[Source data — start]

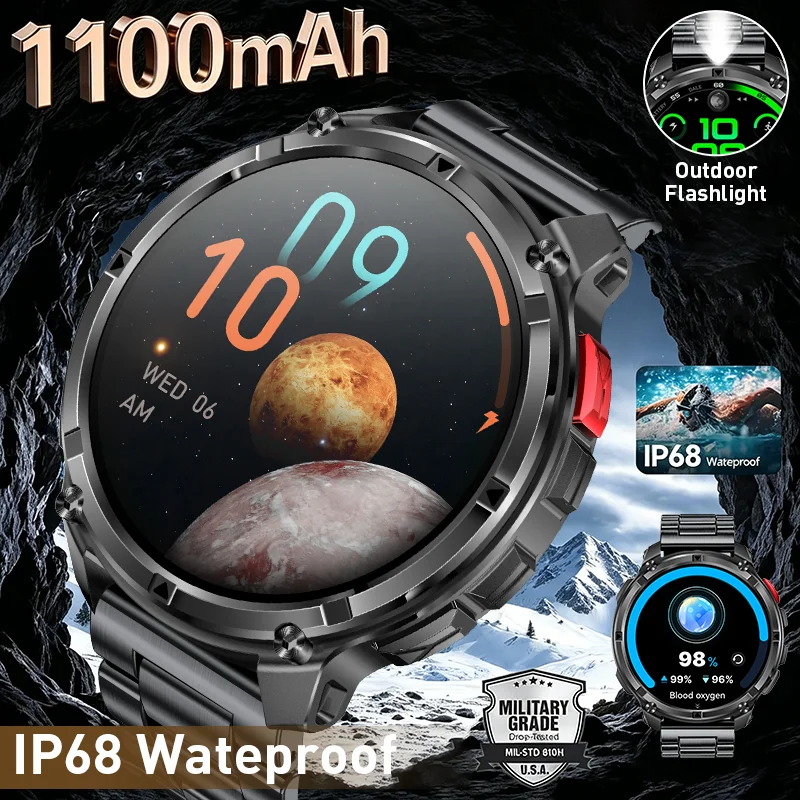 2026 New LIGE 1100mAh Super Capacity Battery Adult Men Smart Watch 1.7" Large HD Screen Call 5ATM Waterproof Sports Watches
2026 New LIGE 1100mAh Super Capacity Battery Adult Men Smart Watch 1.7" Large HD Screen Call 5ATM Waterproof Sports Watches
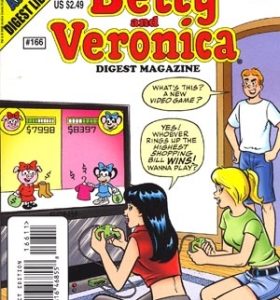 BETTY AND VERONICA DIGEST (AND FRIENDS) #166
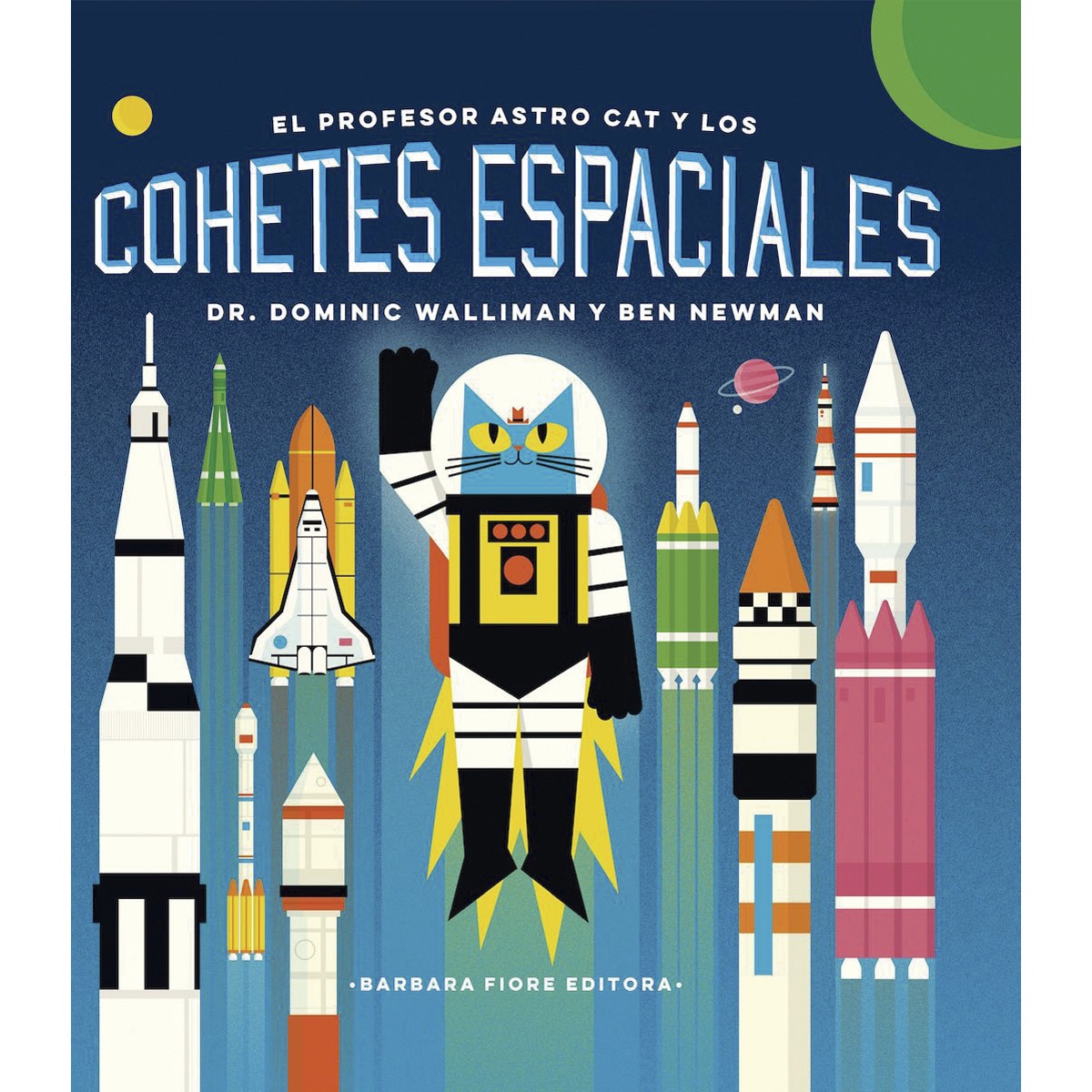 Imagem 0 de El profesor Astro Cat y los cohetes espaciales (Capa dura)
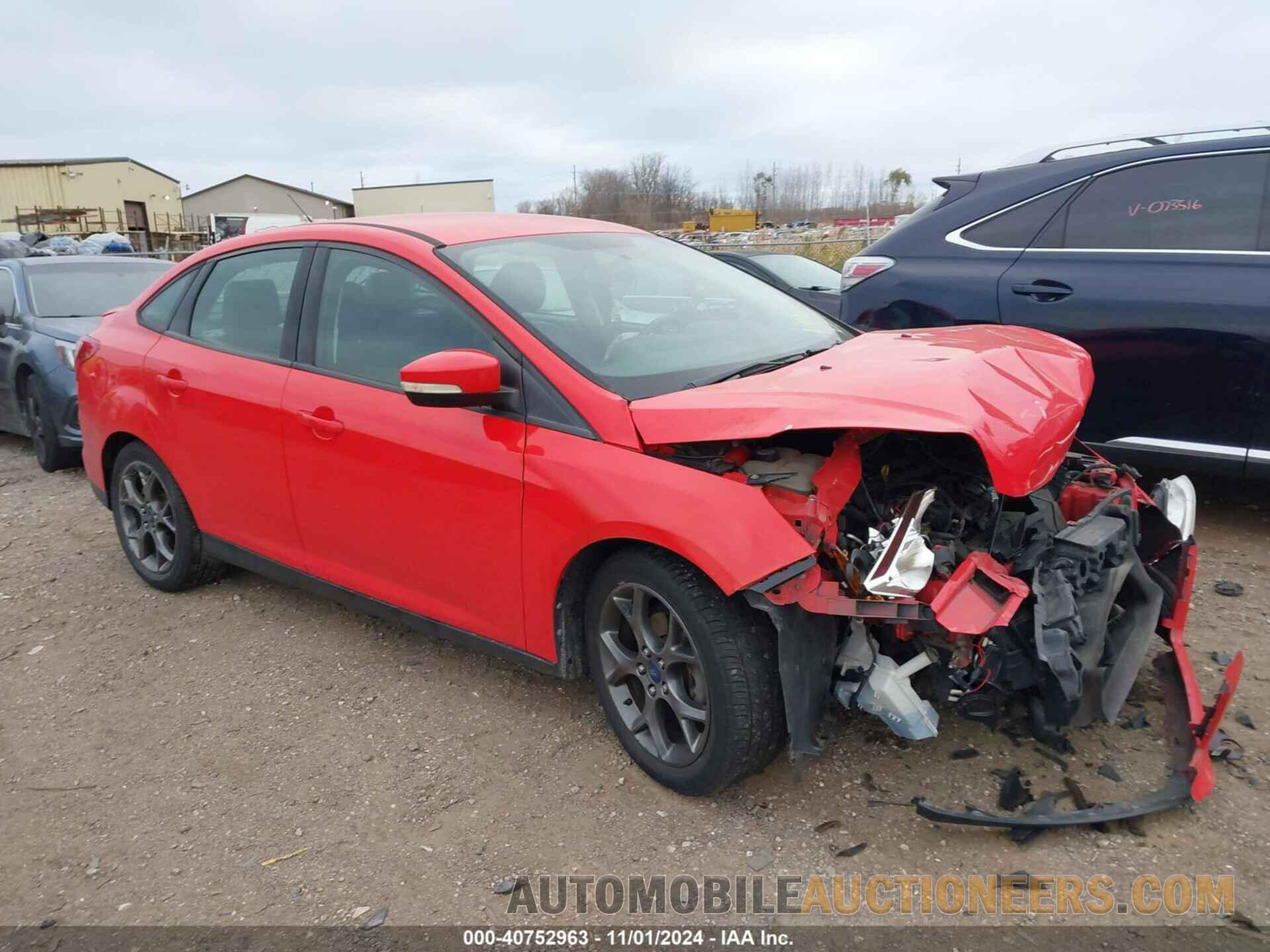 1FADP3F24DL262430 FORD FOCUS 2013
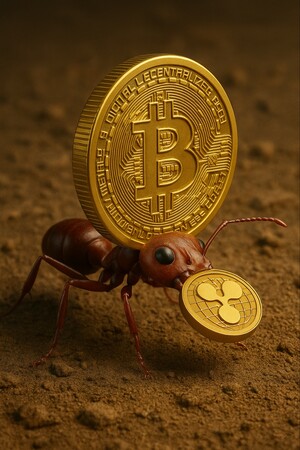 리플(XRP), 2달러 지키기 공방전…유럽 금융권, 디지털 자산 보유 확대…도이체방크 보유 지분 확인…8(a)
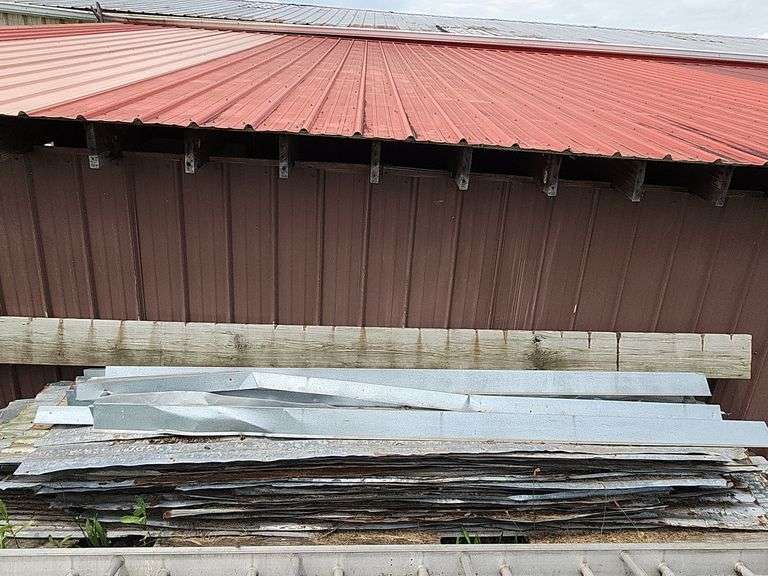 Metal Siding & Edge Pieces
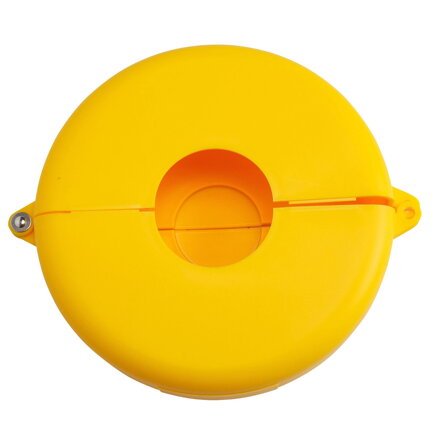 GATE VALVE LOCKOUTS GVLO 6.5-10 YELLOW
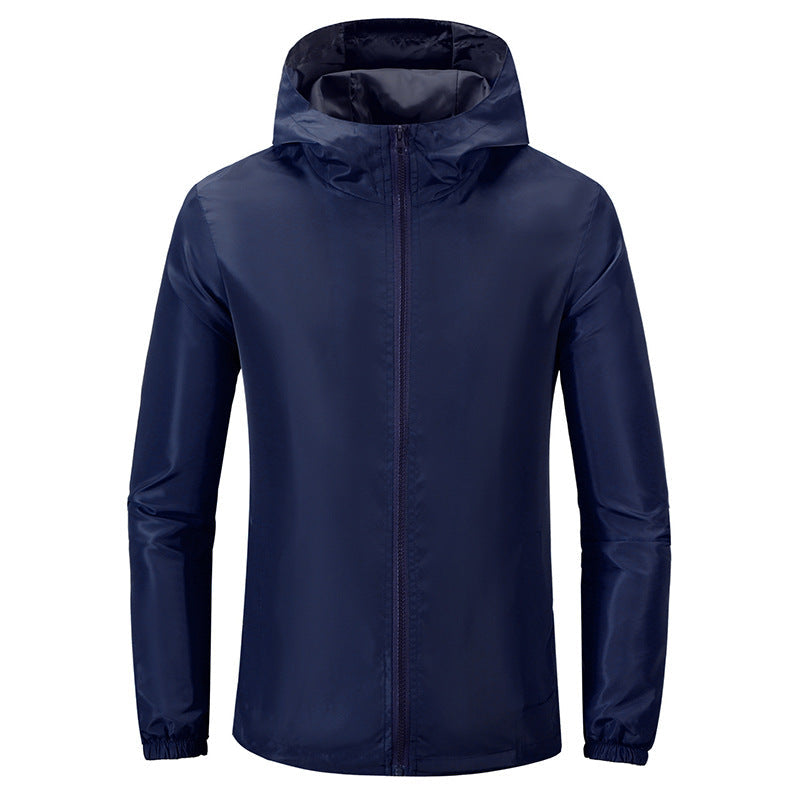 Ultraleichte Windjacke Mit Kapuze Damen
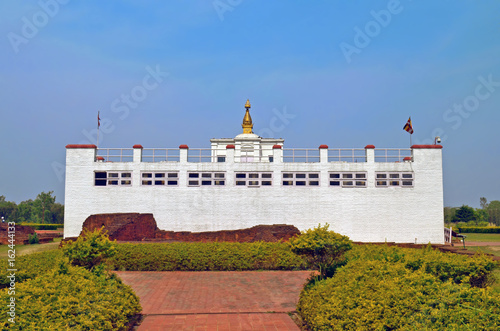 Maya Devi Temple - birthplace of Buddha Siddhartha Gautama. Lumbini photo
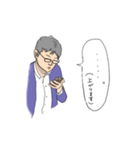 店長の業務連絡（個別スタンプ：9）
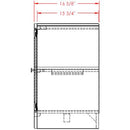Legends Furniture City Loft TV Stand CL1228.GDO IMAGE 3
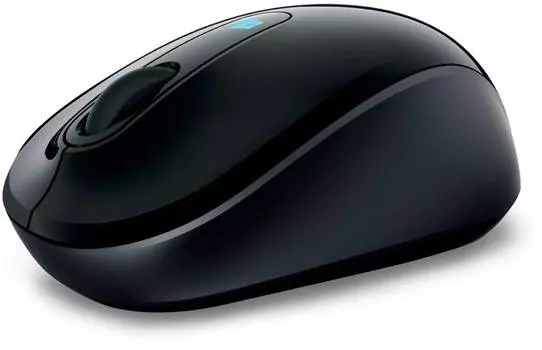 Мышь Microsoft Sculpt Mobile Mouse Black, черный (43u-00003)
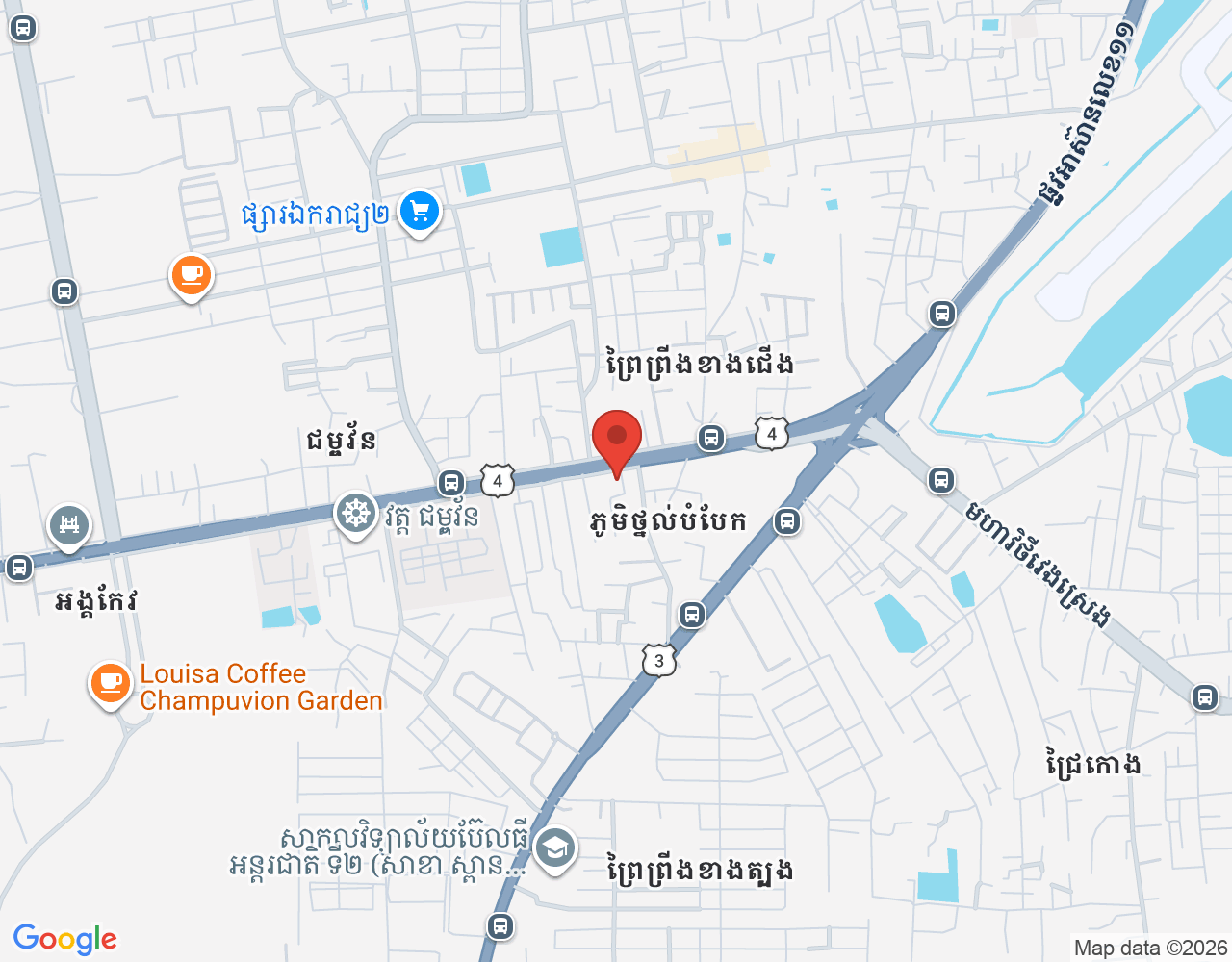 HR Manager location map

[Source data — finish]

* _Exercise goal_
Look above for the line containing "Imagem 0 de"; output that line and all lines after it through the last one exactly, without the pictures.

* _Result_
 Imagem 0 de El profesor Astro Cat y los cohetes espaciales (Capa dura)
 1FADP3F24DL262430 FORD FOCUS 2013
 리플(XRP), 2달러 지키기 공방전…유럽 금융권, 디지털 자산 보유 확대…도이체방크 보유 지분 확인…8(a)
 Metal Siding & Edge Pieces
 GATE VALVE LOCKOUTS GVLO 6.5-10 YELLOW
 Ultraleichte Windjacke Mit Kapuze Damen
 Maya Devi Temple - birthplace of Buddha Siddhartha Gautama. Lumbini photo
 店長の業務連絡（個別スタンプ：9）
Legends Furniture City Loft TV Stand CL1228.GDO IMAGE 3
 Мышь Microsoft Sculpt Mobile Mouse Black, черный (43u-00003)
 HR Manager location map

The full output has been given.